I don’t know whether I’m more offended as a vegetarian or as someone who is anti-superstition.
The 2010 World Cup — arguably the biggest sporting event in the world — is set to take place in South Africa.
So what are South African leaders doing to prepare the stadiums for competition?
South African traditional leaders plan to perform ritual animal slaughters to bless stadiums for the 2010 World Cup tournament ahead of the start of the showcase event next June, they said on Friday.
Zolani Mkiva, chairman of the Makhonya Royal Trust, a grouping responsible for co-ordinating cultural activities, said the tournament, the first to be held in Africa, needed to be blessed in true “African style.”
“We must have a cultural ceremony of some sort, where we are going to slaughter a beast (cow),” said Mkiva.
“We believe that from the start we’ve got to do things in accordance with our own traditions,” Mkiva said.
Even if this is part of their culture, screw their traditions.
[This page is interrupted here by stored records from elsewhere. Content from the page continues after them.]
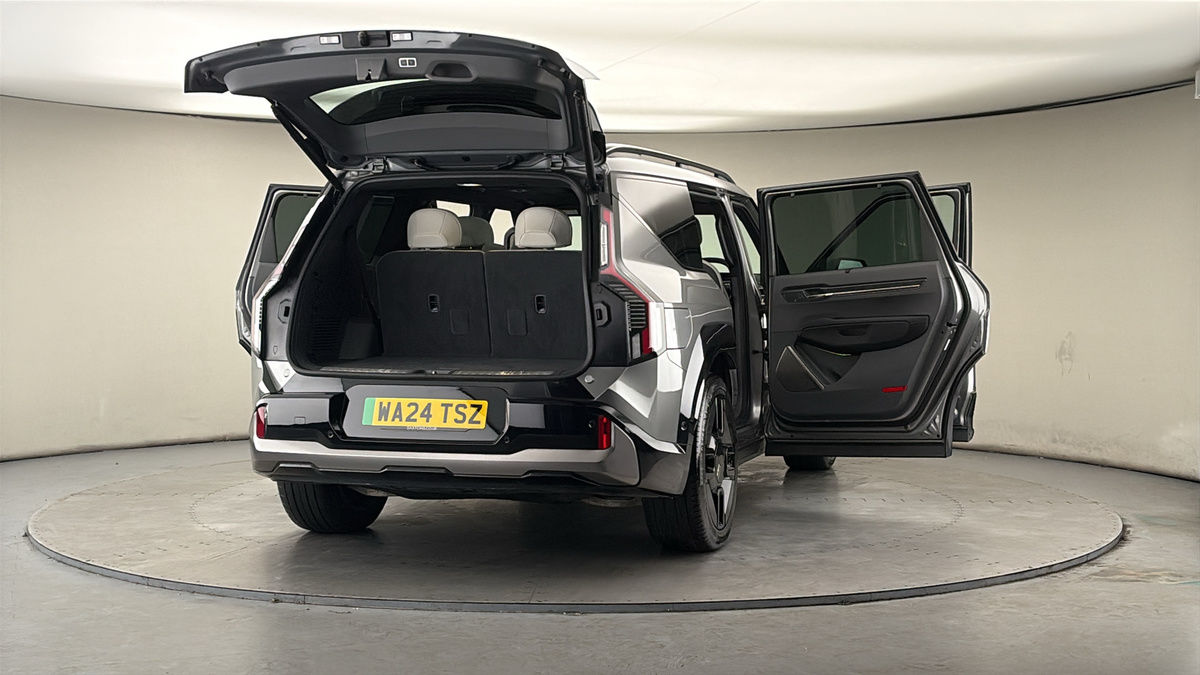 More views of Kia EV9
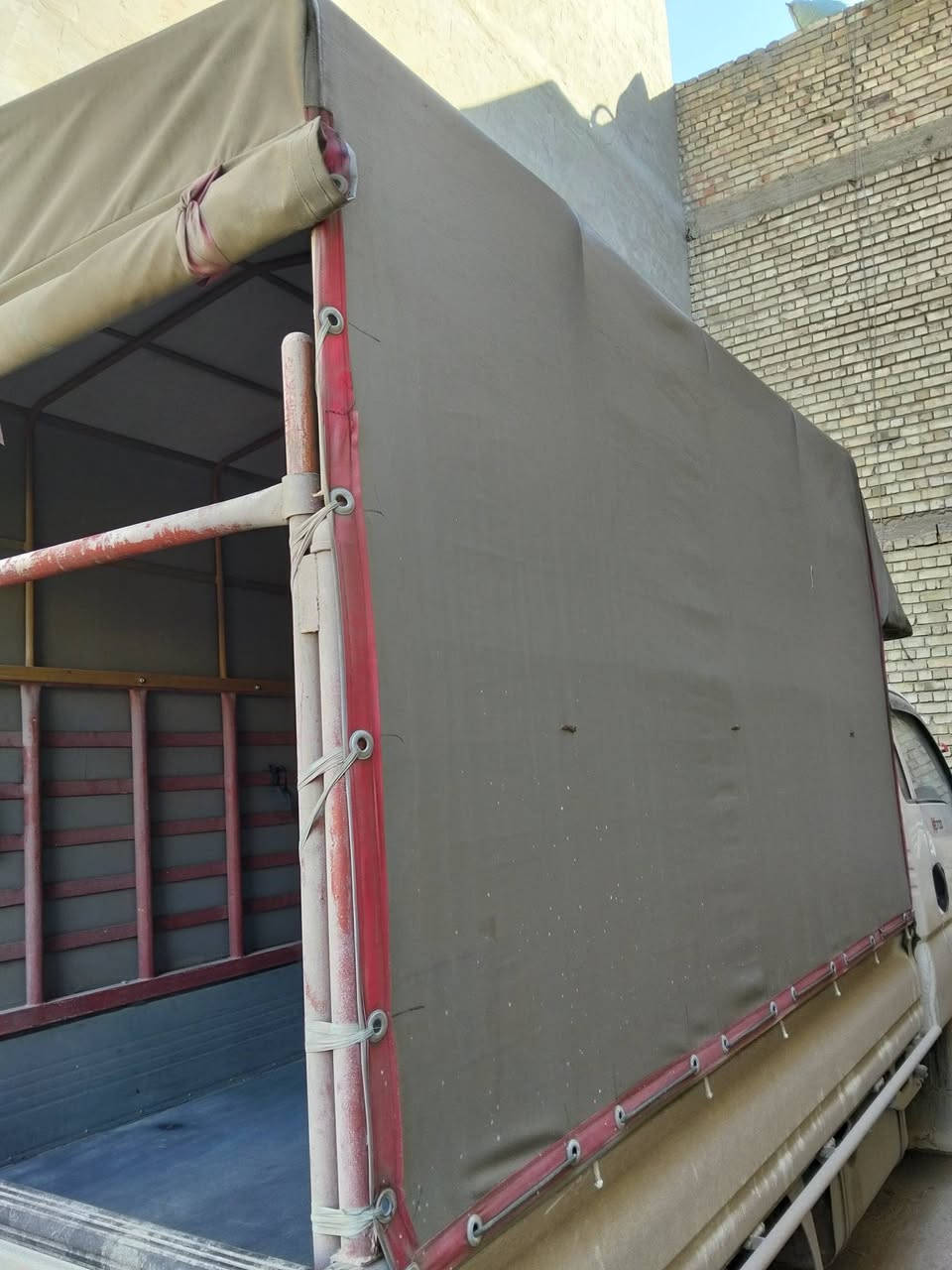 جادر كامل مع الاقواس للبيع ملاحظه الاقواس زاويه يعني مو لحيم 
السعر 350 قفل
رقمي ***********
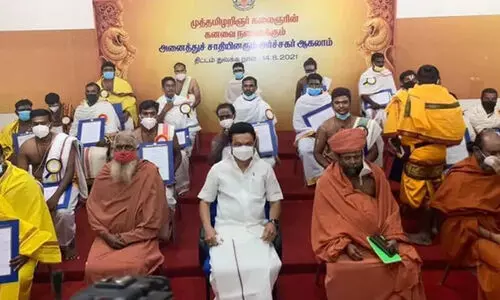 തമിഴ്​നാട്ടിൽ എല്ലാ ജാതിക്കാർക്കും പൂജാരിയാകാം; 58 പേർക്ക്​ നിയമനം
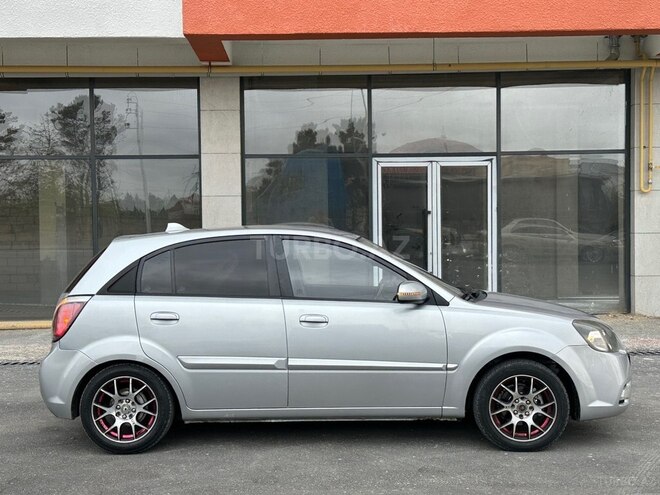 Kia Rio-6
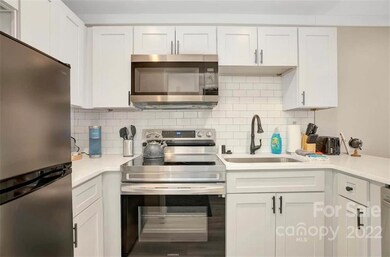 500 Adams Apple Dr unit 4, Banner Elk, NC 28604 - photo 4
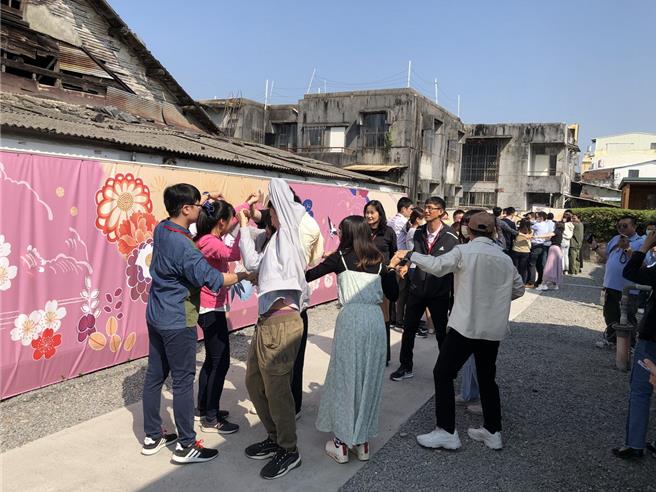 屏县府办单身联谊，发现报名男女比例相差悬殊。(屏县府提供)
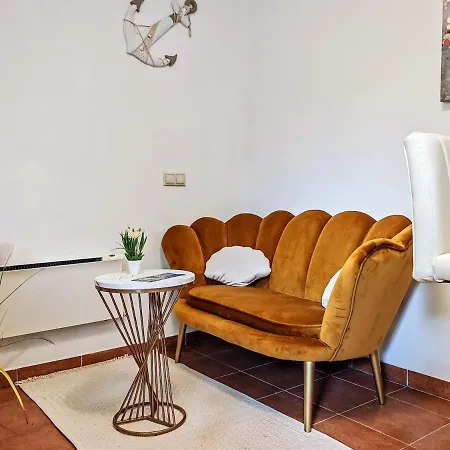 Ivana Charming Garden & Free Parking Apartment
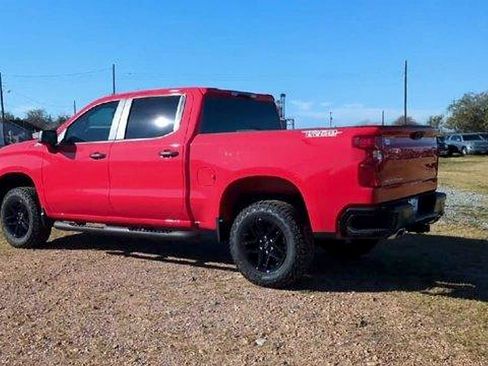 New 2026 Chevrolet Silverado 1500 Custom Trail Boss w/ LPO, Dark Essentials Package AWD/4WD image 6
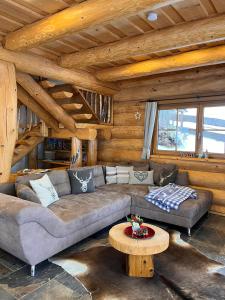 Posezení v ubytování Almzauber Chalets - Haus Enzian inkl Infrarotliegen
How does animal sacrifice do anything for the soccer match? What does it mean to bless the stadium, anyway? Is someone afraid it’s going to collapse?
I suppose we can be thankful that their traditions don’t involve human sacrifice and female circumcisions…
Omri Ceren at Vagabondish doesn’t see how this makes any sense either:
When people arbitrarily select which indigenous traditions they’re going to highlight for outsiders, that’s a choice. We’re not talking about religion here. We’re talking about a bloody manufactured spectacle across 10 soccer stadiums –- both soccer and stadiums already being a departure from Africa’s “own traditions” –- done to emphasize “style.”
Personally, I don’t think it’s any different from religion. It’s superstitious ritual that has no actual effect on the stadium (or the world).
I hope the World Cup Local Organizing Committee has the good sense to put a stop to this before it gets anywhere.
If you’re not convinced how ridiculous this is, Grahame L. Jones of the LA Times suggests how this scenario would look in another part of the world:
Imagine that it is 1994 again and that the opening game of the World Cup is about to take place at Soldier Field in Chicago.
Or perhaps it’s the first game at the Rose Bowl in Pasadena, or at the Cotton Bowl in Dallas, or at any of the other six venues used during the ’94 tournament.
Now, imagine the crowds outside the stadium, the fans in a festive and anticipatory mood, children among them. Now imagine a cow being led on a rope to a designated spot outside the stadium and having its throat cut and its blood drained as part of the pregame ritual.
Unthinkable? You bet. Sickening? Absolutely.
It wouldn’t be allowed here and it shouldn’t be allowed there.